GNOME Bugzilla – Bug 168760
Exception with non-UTF8 filenames
Last modified: 2013-04-06 20:36:51 UTC
From http://bugs.debian.org/cgi-bin/bugreport.cgi?bug=296553: When I run: $ meld xxxx xxxx- Traceback (most recent call last):
+ Trace 56232
ret = task()
misc.run_dialog(
position 20-22: invalid data Or the other: $ meld yyyy yyyy.old (meld:4031): Pango-WARNING **: Invalid UTF-8 string passed to pango_layout_set_text() (meld:4031): Pango-WARNING **: Invalid UTF-8 string passed to pango_layout_set_text() Traceback (most recent call last): File "/usr/lib/meld/task.py", line 131, in iteration ret = task() File "/usr/lib/meld/filediff.py", line 565, in _set_files_internal yield _("[%s] Set num panes") % self.label_text UnicodeDecodeError: 'utf8' codec can't decode byte 0xb3 in position 9: unexpected code byte
What is the expected behaviour here? How do we find the correct encoding? Do we take always assume filenames are encoded with the locale value? On a practical note, it's quite error prone to have to convert encodings and pass around the original encoding everywhere, so this is unlikely to get fixed.
I believe the GLib standard is to use an environmental variable "G_FILENAME_ENCODING". I was sent this code for Sound Juicer: realpath = g_filename_from_utf8 (path, -1, NULL, NULL, &error); if (error) { const char *charset = g_getenv("G_FILENAME_ENCODING"); if (!charset) { g_get_charset (&charset); } realpath = g_convert_with_fallback (path, -1, charset, "UTF-8","_", NULL, NULL, NULL); g_error_free (error); } There may be more elegant ways of doing this, but I think the relevant magic is in the g_filename_* functions.

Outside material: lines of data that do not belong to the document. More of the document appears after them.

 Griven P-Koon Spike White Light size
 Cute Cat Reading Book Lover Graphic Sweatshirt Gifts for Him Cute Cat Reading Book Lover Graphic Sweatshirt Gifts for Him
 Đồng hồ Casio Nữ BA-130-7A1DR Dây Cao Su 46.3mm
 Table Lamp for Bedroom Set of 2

The problem is not so much getting the path as propagating the fact that it was converted to everywhere that uses filenames so that the file can be opened/moved etc. Thats a nightmare methinks.

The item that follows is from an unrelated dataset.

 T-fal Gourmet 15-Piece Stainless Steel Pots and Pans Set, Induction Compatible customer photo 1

Shouldn't be. When the file is loaded, check for G_FILENAME_ENCODING and if its set, transform from that locale to UTF-8, and store the filename everywhere inside Meld as UTF-8. Then when saving, check for G_FILENAME_ENCODING again, and if set transfrom from UTF-8 to the locale. I believe the secret is still using UTF-8 internally everywhere, but being aware that filenames may need to be converted before hitting the file system. I have a feeling that if you use gnome-vfs to load/save files, this happens for you (as you work with URIs).
Well, thats fine if ALL files are encoded with G_FILENAME_ENCODING, but I'll bet that in most cases there will be a mixture of utf8 and whatever. I'll leave the bug open for the record, but am probably not going to implement this as I still think the implementation/testing (especially testing) cost would not be worth the effort.
*** Bug 351627 has been marked as a duplicate of this bug. ***
I'd like to take a look at this, but I have no idea how to create problematic filenames. If anyone can provide guidance as to how one gets a variety of oddly encoded filenames on disk, it would be much appreciated.
This problem has (probably) been fixed in the development version (I hope). The fix will be available in the next major software release (assuming I didn't break anything). Thank you for your bug report.